- [Exercise material]:
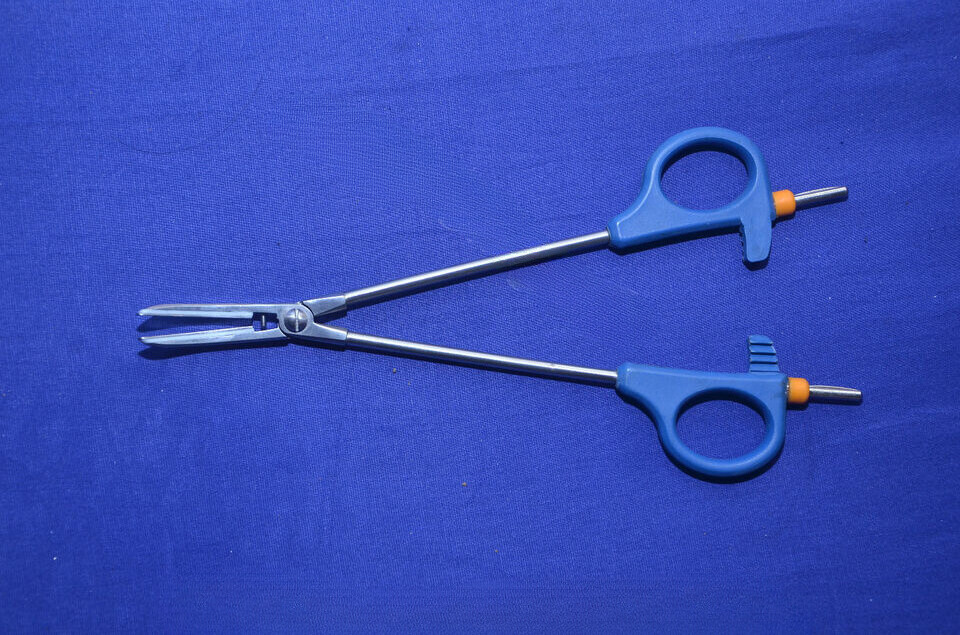 Brand New Laparoscopic Stainless Steel Gynecology Vessel Sealer Bipolar Clamps Surgical Instruments Ce Approved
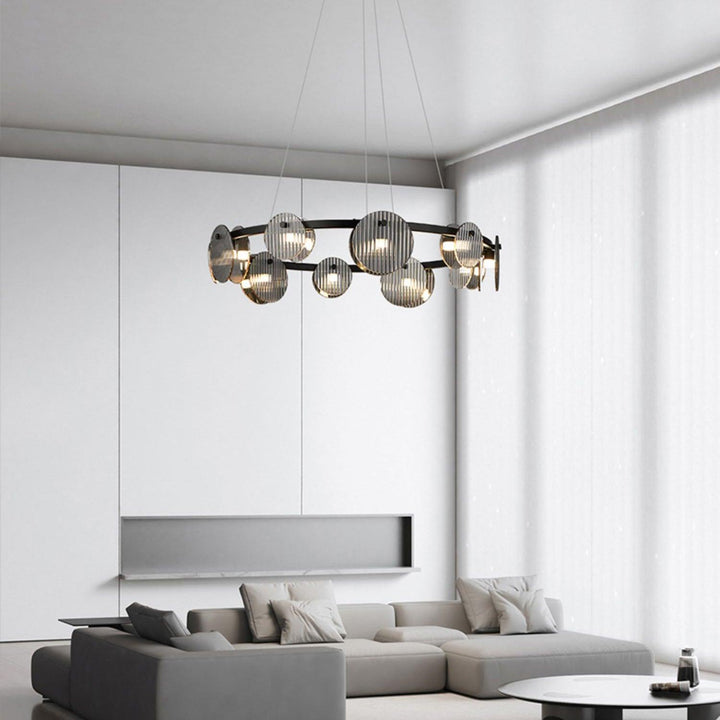 Foliole Chandelier - Vakkerlight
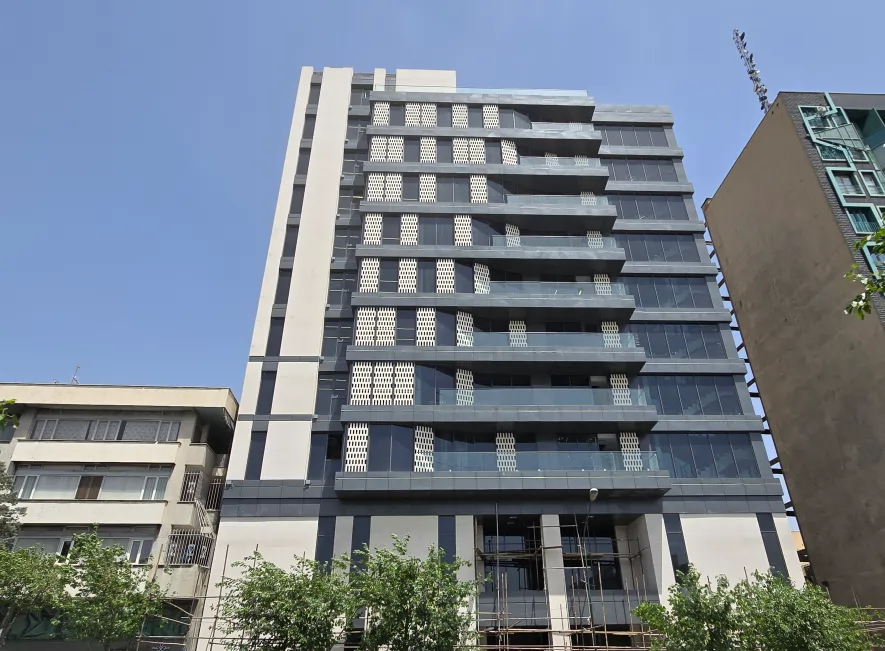 اجرای نمای آجر ساختمان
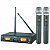 Sistema Microfone Sem Fio Digital Duplo SRW48D/HT48 - STANER - Imagem 1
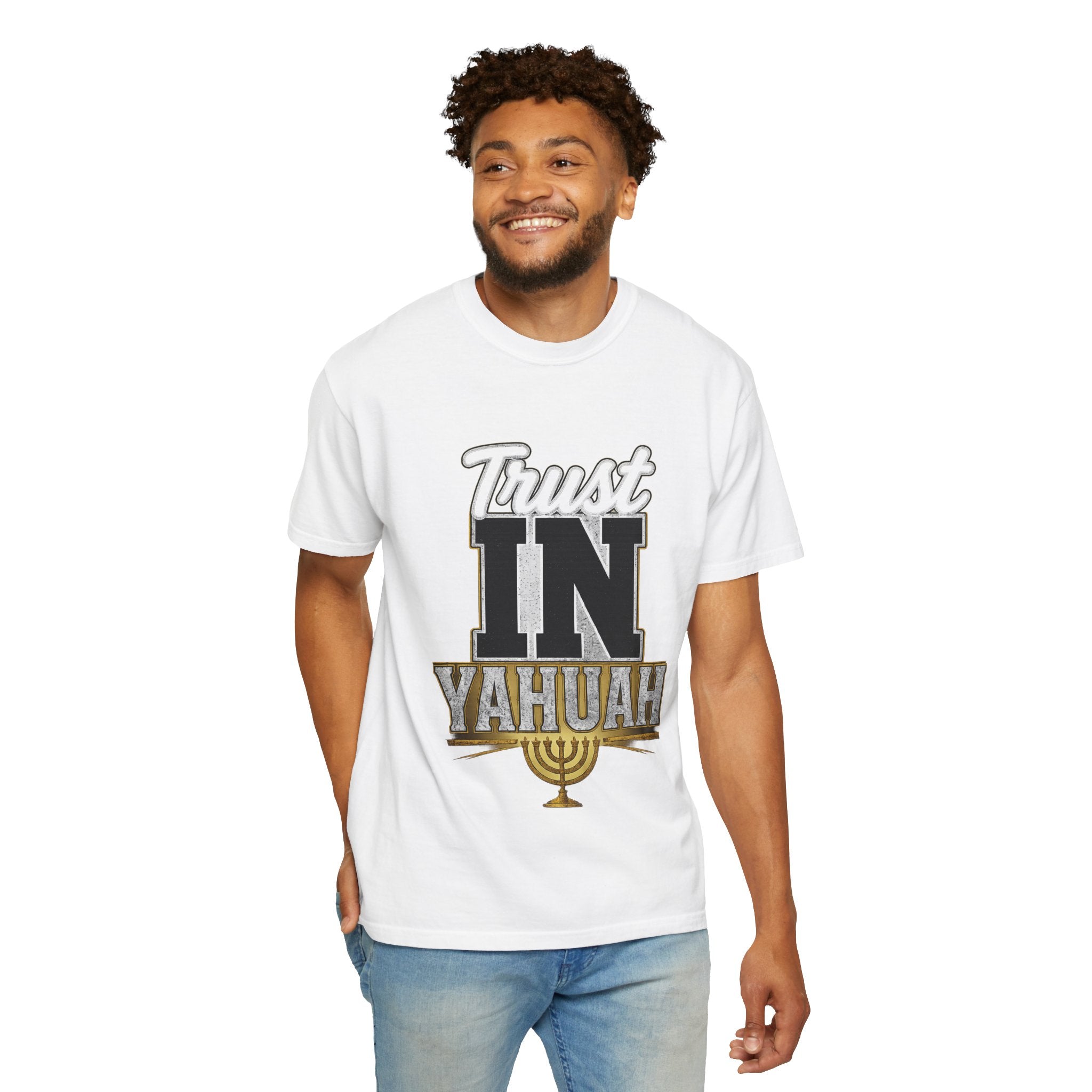 Trust In Yahuah- Set Apart Streetwear Tee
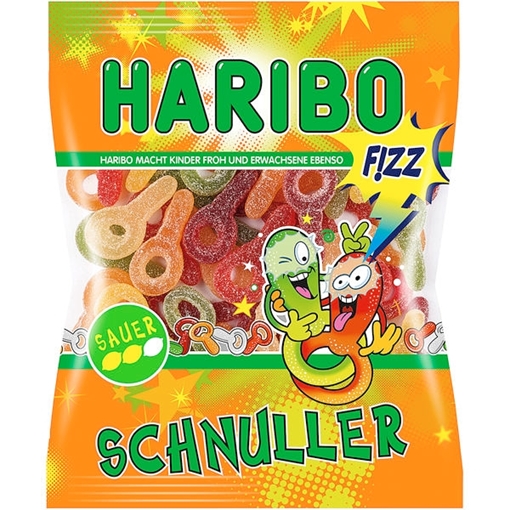 Billede af Haribo Saure Schnuller 200 g.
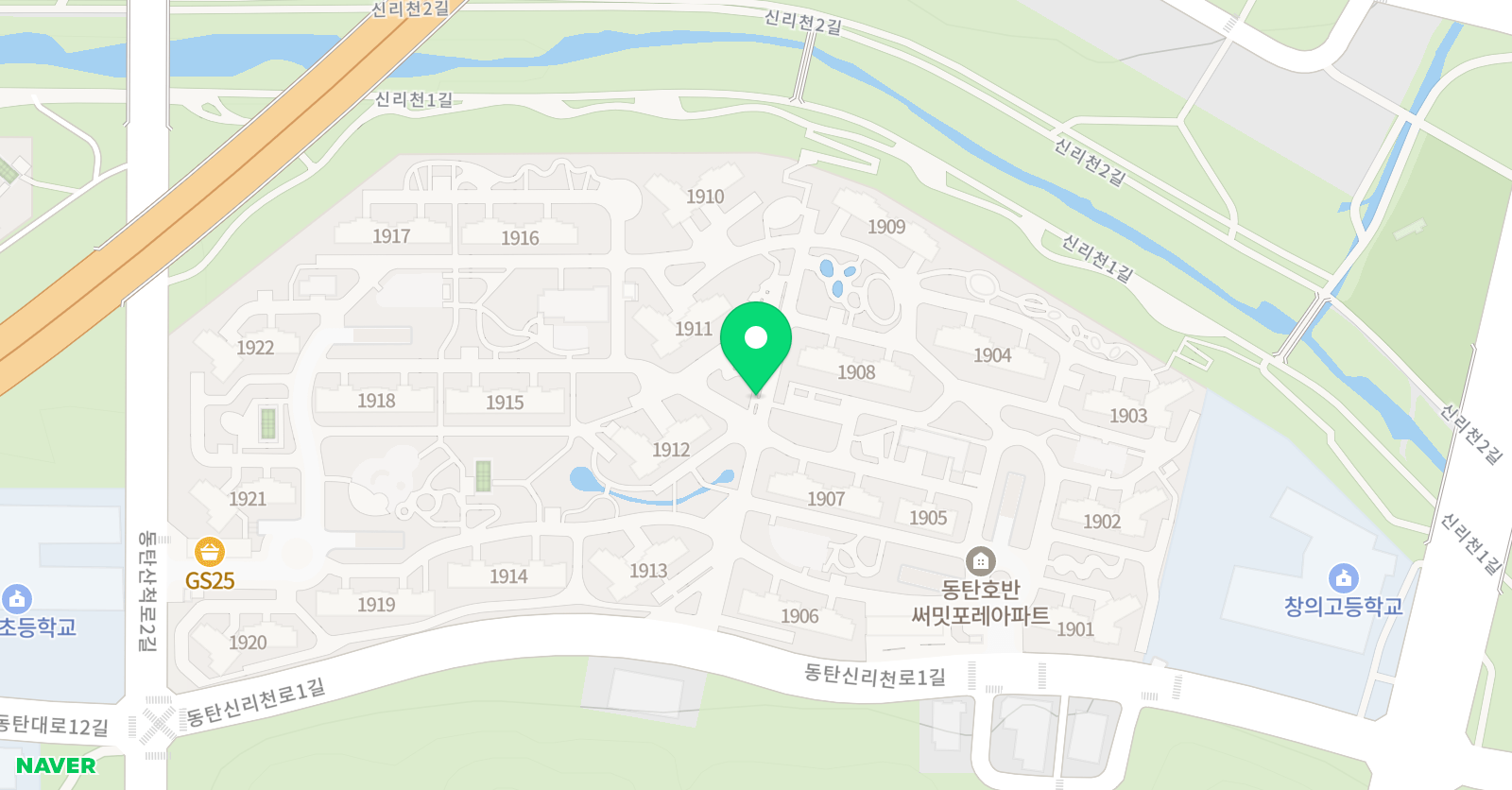 하늘 피아노교습소 위치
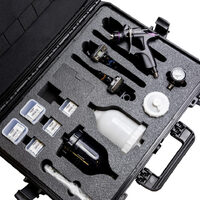 Devilbiss DV1 Ultimate 3 Spray Gun Case Kit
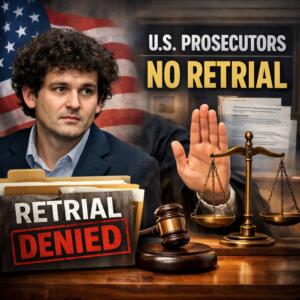 Us Prosecutors Urge Judge To Deny Sbf Retrial Bid, Report Says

- [Problem requirements]: Output the full set of records above without changing a word, and drop the images.

- [Task response]:
 Brand New Laparoscopic Stainless Steel Gynecology Vessel Sealer Bipolar Clamps Surgical Instruments Ce Approved
 Foliole Chandelier - Vakkerlight
 اجرای نمای آجر ساختمان
 Sistema Microfone Sem Fio Digital Duplo SRW48D/HT48 - STANER - Imagem 1
 Trust In Yahuah- Set Apart Streetwear Tee
 Billede af Haribo Saure Schnuller 200 g.
 하늘 피아노교습소 위치
 Devilbiss DV1 Ultimate 3 Spray Gun Case Kit
 Us Prosecutors Urge Judge To Deny Sbf Retrial Bid, Report Says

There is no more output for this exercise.